For any positive integer n, let $\sigma (n)$ be the sum of all positive divisors of n. We prove that for every integer k with $1\leq k\leq 29$ and $(k,30)=1,$

$$ \begin{align*} \sum_{n\leq K}\sigma(30n)>\sum_{n\leq K}\sigma(30n+k) \end{align*} $$

for all $K\in \mathbb {N},$ which gives a positive answer to a problem posed by Pongsriiam [‘Sums of divisors on arithmetic progressions’, Period. Math. Hungar. 88 (2024), 443–460].

Type
Research Article
Copyright
© The Author(s), 2024. Published by Cambridge University Press on behalf of Australian Mathematical Publishing Association Inc.

1. Introduction

For any positive integer n, let $\sigma (n)$ be the sum of all positive divisors of $n.$ We always assume that x is a real number, m and n are positive integers, p is a prime, $p_{n}$ is the nth prime and $\phi (n)$ denotes the Euler totient function. Jarden [Reference Jarden4, page 65] observed that $\phi (30n+1)>\phi (30n)$ for all $n\leq 10^{5}$ and later the inequality was calculated to be true up to $10^9.$ However, Newman [Reference Newman8] proved that there are infinitely many n such that $\phi (30n+1)<\phi (30n)$ and the smallest one is

$$ \begin{align*} \frac{p_{385}p_{388}\prod_{j=4}^{383}p_{j}-1}{30}, \end{align*} $$

which was given by Martin [Reference Martin7]. For related work, see [Reference Erdős3, Reference Kobayashi and Trudgian5, Reference Luca and Pomerance6, Reference Pollack and Pomerance9, Reference Wang and Chen11]. It is certainly natural to consider the analogous problem for the sum of divisors function. Recently, Pongsriiam [Reference Pongsriiam10, Theorem 2.4] proved that $\sigma (30n)-\sigma (30n+1)$ also has infinitely many sign changes. He found that $\sigma (30n)>\sigma (30n+1)$ for all $n\leq 10^7$ and posed the following problem.

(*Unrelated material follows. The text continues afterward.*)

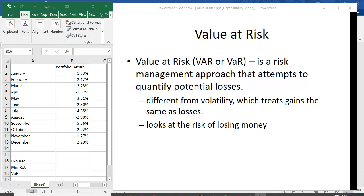I want to discuss how you can compute value at risk using Microsoft Excel. Now I have a tutorial on value at risk and I will post the link below, but let me just use the intro to that discussion here.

Problem 1.1 [Reference Pongsriiam10, Problem 3.8(ii)]

Is it true that

$$ \begin{align*} \sum_{n\leq K}\sigma(30n)>\sum_{n\leq K}\sigma(30n+1) \end{align*} $$

for all $K\in \mathbb {N}?$

Recently, Ding et al. [Reference Ding, Pan and Sun2] solved several problems of Pongsriiam. Inspired by their ideas, we answer affirmatively the above Problem 1.1. In fact, we prove a slightly stronger result.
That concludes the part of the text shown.